Naval Base Marshall Islands were United States Navy advance bases built on the Marshall Islands during World War II to support the Pacific War efforts. The bases were built by US Navy after the Marshall Islands campaign that captured the islands from the Empire of Japan. By February 1944 the United States Armed Forces had captured the islands. Most of the airfields and other facilities Japan had built were destroyed in allied bombing raids and naval bombardment. US Navy Seabee Construction Battalions arrived as soon as the area was secured and remove the debris. The Seabees quickly repaired, built and improved the airfield/runways and seaport. Seabees often worked around the clock to get airfields operational so that fighter aircraft and bombers could start operating. The bases were used for staging upcoming campaigns and for repair.

History
At the start of World War I, Japan took control of the Marshall Islands from the German Empire. Japan built bases on many of the islands and had troops stationed on the Marshall Islands. The tropical Marshall Islands are near the Equator in the Pacific Ocean, slightly west of the International Date Line. Marshall Islands has over five major islands and 29 coral atolls comprising 1,156 individual islands and islets. The Marshall Islands capital and largest city is Majuro on a large coral atoll, Majuro atoll. The US Naval built bases for troops, ships, submarines, PT boats, seaplanes, supply depots, training camps, fleet recreation facilities, and ship repair depots. To keep supplies following the bases were supplied by the vast II United States Merchant Navy. The Marshall Islands were in Japan's inner line of defense and 2,887 miles from Japan's homeland. At the end of the war, the Marshall Islands came under the control of the United States as part of the Trust Territory of the Pacific Islands until the independence of the Marshall Islands in 1986.

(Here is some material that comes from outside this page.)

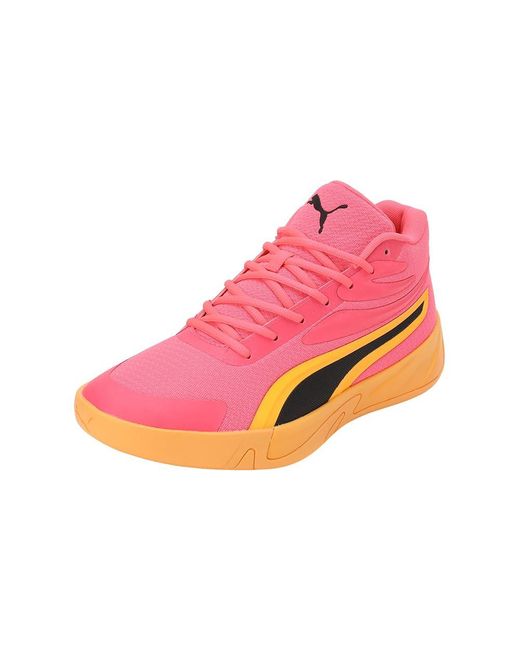 PUMA Pink Court Pro Basketball Shoe for men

US Navy Marshall Islands Bases
Major US Navy Bases:
Naval Base Eniwetok, Fleet PO Box 3237, after Battle of Eniwetok 	
Naval Base Engebi on Engebi Island in Enewetak Atoll to support Wrigley Airfield, Fleet PO Box 3236 
Naval Base Kwajalein, Fleet PO Box 3233, won in Battle of Kwajalein 	
Naval Base Majuro, Fleet PO Box 3234 	
Majuro Submarine Base
Majuro Destroyer Base
Naval Base Ujelang, on Ujelang Atoll, Fleet PO Box 3238, staging base for Battle of Peleliu
Naval Base Mille, on Mili Atoll to support Milo Airfield, Fleet PO Box 3250 	
Naval Base Moloelap on Maloelap Atoll, to support Taroa Airfield, Fleet PO Box 3119
 Naval Base at  Jaluit Atoll, FPO#3000 
Minor US Navy bases: 
Wotje Atoll on Ormed Island, Fleet PO Box 3243, Naval base to support Wotje Airfield.
Bikini Atoll, Fleet PO Box 3078, Operation Crossroads test site
Rongelap Atoll, Fleet PO Box 3244, former Japan base, Atoll islanders were evacuated before US Castle Bravo test fallout.
Rongerik Atoll, Fleet PO Box 3055, toll islanders were evacuated before Castle Bravo test fallout.
Taongi Atoll, Fleet PO Box 3057
Likiep Atoll, Fleet PO Box 3058
Erikub Atoll, Fleet PO Box 3059
Ailinglaplap Atoll, Fleet PO Box 3060 	
Namu Atoll, Fleet PO Box 3071
Kusaie Island and Lelu Harbor, Fleet PO Box 3072 	
Ebon Atoll, Fleet PO Box 3073
Ujae Atoll, Fleet PO Box 3076
Jaluit Atoll (Majuro Fleet PO Box)
Maug Island, Fleet PO Box 3077

Post war

At the end of the war, the Marshall Islands came under the control of the United States as part of the Trust Territory of the Pacific Islands until the independence of the Marshall Islands in 1986. 
Marshall Islands were given self-government on 1 May 1979. Compact of Free Association was make between the Marshall Islands and United States on 21 October 1986. These close associations United States dollar and English are used in the Marshall Islands. The Compact of Free Association agrees that US is responsible the defense of the Marshall Islands. The compact gives the Marshall Islands Marshallese) the right to emigrate, without a visa, to the United States .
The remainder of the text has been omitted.